Determining the derivative of a function using the definition sometimes it  requires a lot of work and it’s easy to make mistakes so we are going to use some basic rules to find derivative of a function in a more simpler way.

### The Constant Rule

If $\displaystyle y=f(x)=c$ where c is a constant then the derivative is equal to zero. $\displaystyle f'(x)=f'(c)=0$

Example 1: Find the derivative of the functions.

a) $\displaystyle f(x)=12$ The function is a constant function so based on the rule the derivative would be zero. $\displaystyle f'(x)=(12)’=0$

b) $\displaystyle f(x)={{2}^{3}}$

Doing the power operation we obtain $\displaystyle f(x)={{2}^{3}}=8$ which is again a constant function  and its derivative would be zero.

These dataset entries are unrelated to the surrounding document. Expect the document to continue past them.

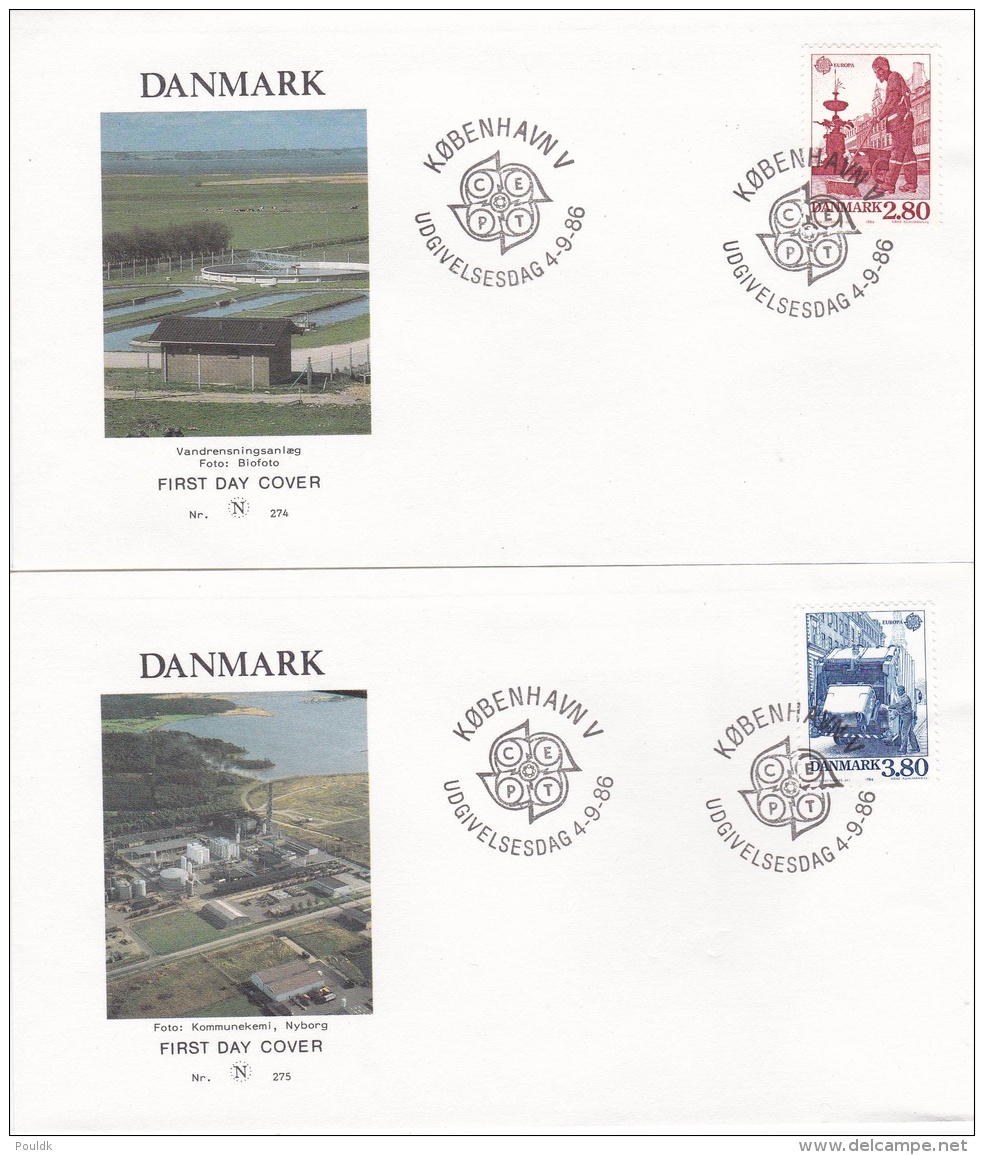 Denmark 2 Covers 1986 FDC Europa CEPT (T17-12) - 1986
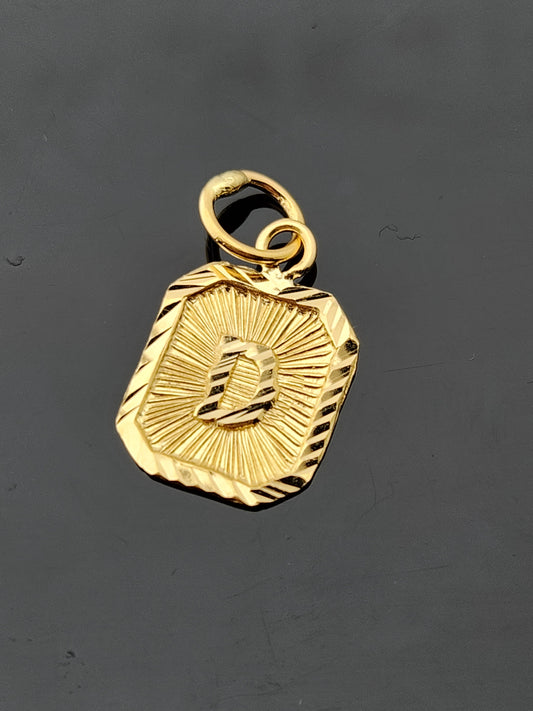 22K Solid Gold Letter Pendant P1693
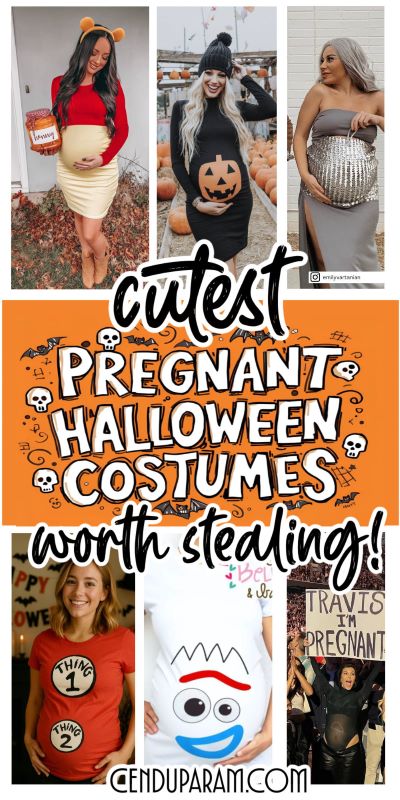 collage of cute halloween costume ideas for pregnant women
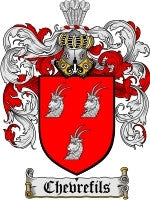 Chevrefils coat of arms family crest download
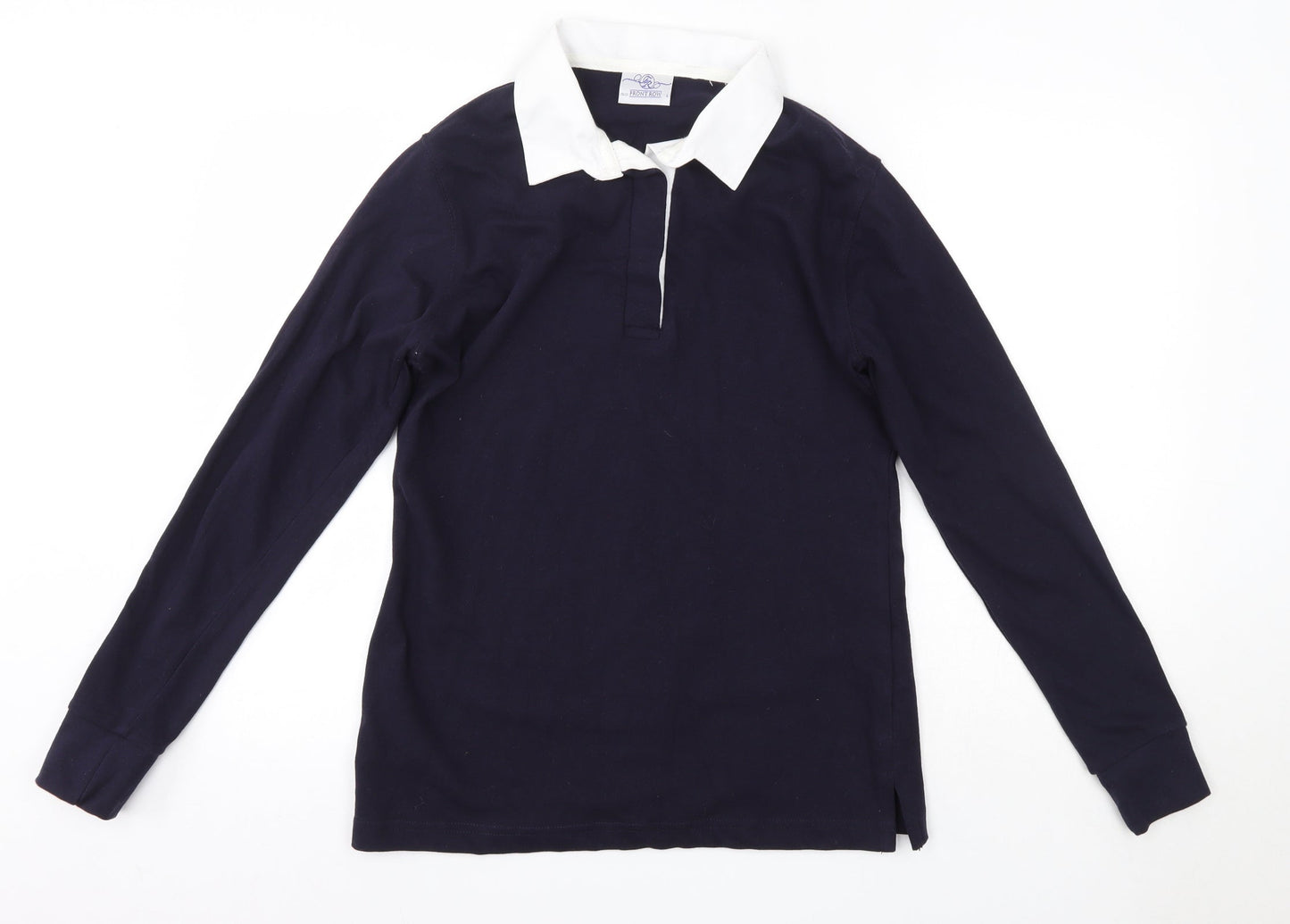Front Row Womens Blue Collared  100% Cotton Pullover Jumper Size L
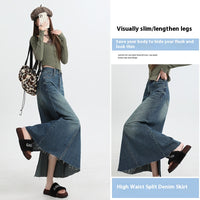 Fashionable With Side-slit Denim Skirt For Women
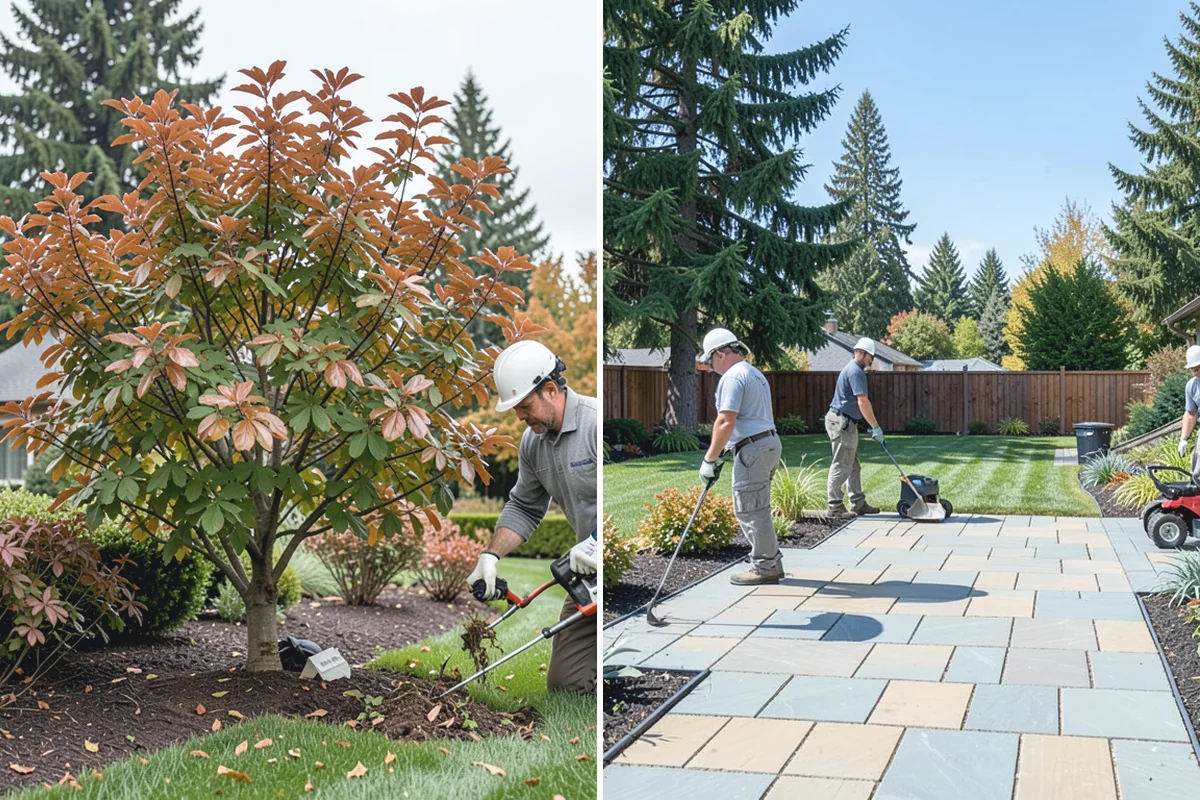 Portuguese Laurel Trimming in Darrington, Snohomish County, WA - Review shape, density, and stem color across the hedge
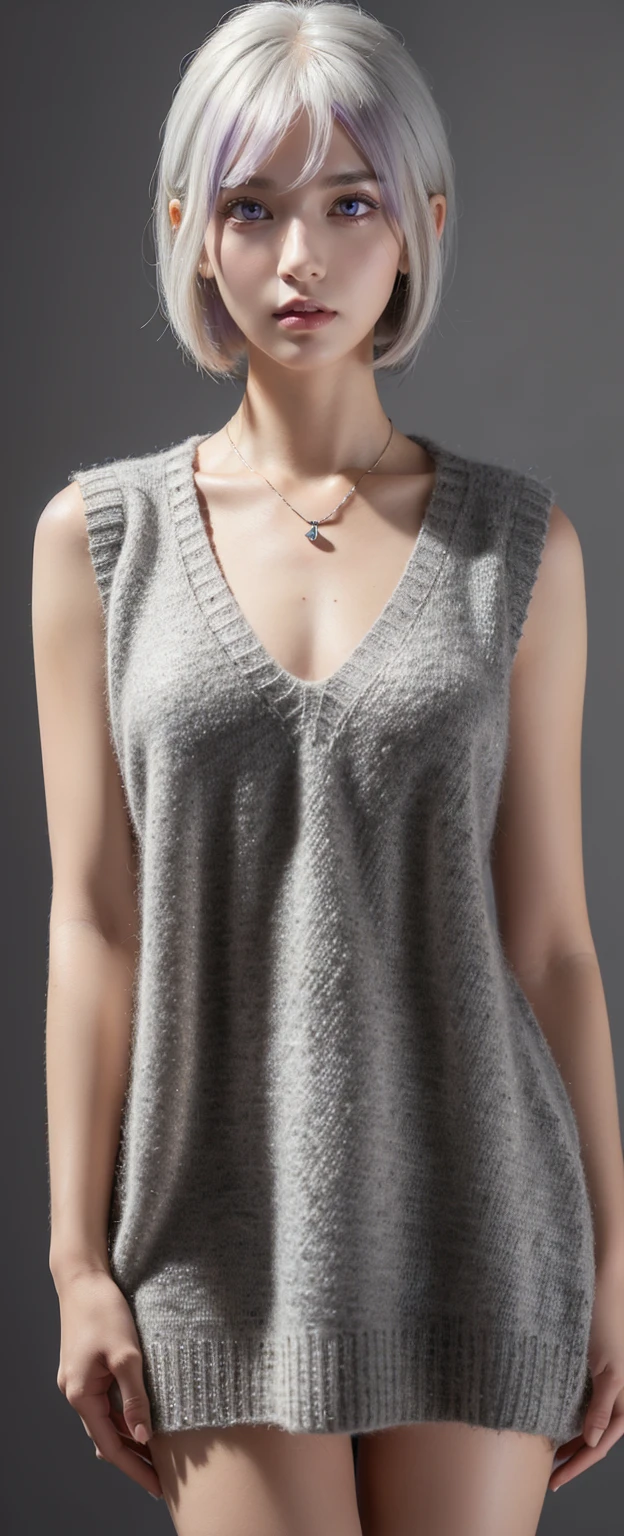 ((best quality)), ((masterpiece)), ((best quality)), ((masterpiece)), ((detailed)), Ridiculous resolution, high resolution, (masterpiece:1.4), Hyper-detailing, a young european woman. Necklace. ((Sleeveless wool v-neck dark grey sweater)). Blank background. Standing. ((White hair)). She has long bangs in her hair. Standing. ((Dark grey eyes)). Freckles. Red lipstick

$\displaystyle f'(x)=(8)’=0$

### The Power Function Rule

If $\displaystyle y=f(x)=a{{x}^{n}}$ where “a” is a constants and “n” a rational number the derivative is:

$\displaystyle f'(x)=an{{x}^{{n-1}}}$

### *It is also called the general rule for differentiation because by substituting the values of n we can get the first, second, third and nth derivative of any function.*

Example 2: Find the derivatives of the functions.

a) $\displaystyle y=x$

We see that in our function the constant a=1 and n=1 and by using the power rule we obtain:

$\displaystyle {y}’={{(x)}^{\prime }}=(1){{(x)}^{{1-1}}}$

$\displaystyle =(1){{x}^{0}}=1$

So $\displaystyle y’=1$

b) $\displaystyle y=2{{x}^{2}}$

We see that in our function a=2 and n=2 and by using the power rule we obtain:

$\displaystyle {y}’={{(2{{x}^{2}})}^{\prime }}=$
$\displaystyle 2\cdot 2{{x}^{{2-1}}}=$
$\displaystyle 4{{x}^{1}}=4x$
So $\displaystyle y’=4x$

c) $\displaystyle y=12{{x}^{{\frac{1}{4}}}}$

We see that a=12 and n=1/4 and by using the formula we obtain:

$\displaystyle {y}’=12\cdot \frac{1}{4}{{x}^{{(\frac{1}{4}-1)}}}$

$\displaystyle =3{{x}^{{-\frac{3}{4}}}}$

So $\displaystyle y’=3{{x}^{{-\frac{3}{4}}}}$

d) $\displaystyle y=\frac{2}{{{{x}^{2}}}}$

In this case we have to write our function as a power function so we can use the power rule:

$\displaystyle y=\frac{2}{{{{x}^{2}}}}=2\cdot {{x}^{{-2}}}$

Then we see that a=2 and n=-2 and by using the formula we obtain:

$\displaystyle {y}’=(2\cdot {{x}^{{-2}}}{)}’$

$\displaystyle =2\cdot (-2){{x}^{{-2+1}}}$

$\displaystyle =-4{{x}^{{-1}}}$

So $\displaystyle y’=-4{{x}^{{-1}}}$

### The Sum and Difference Rule

If $\displaystyle y$  is a function created by the sum or difference two functions $\displaystyle f(x)$ and $\displaystyle g(x)$
$\displaystyle y=f(x)\pm g(x)$

### The derivative of a sum is equal to the sum of derivatives.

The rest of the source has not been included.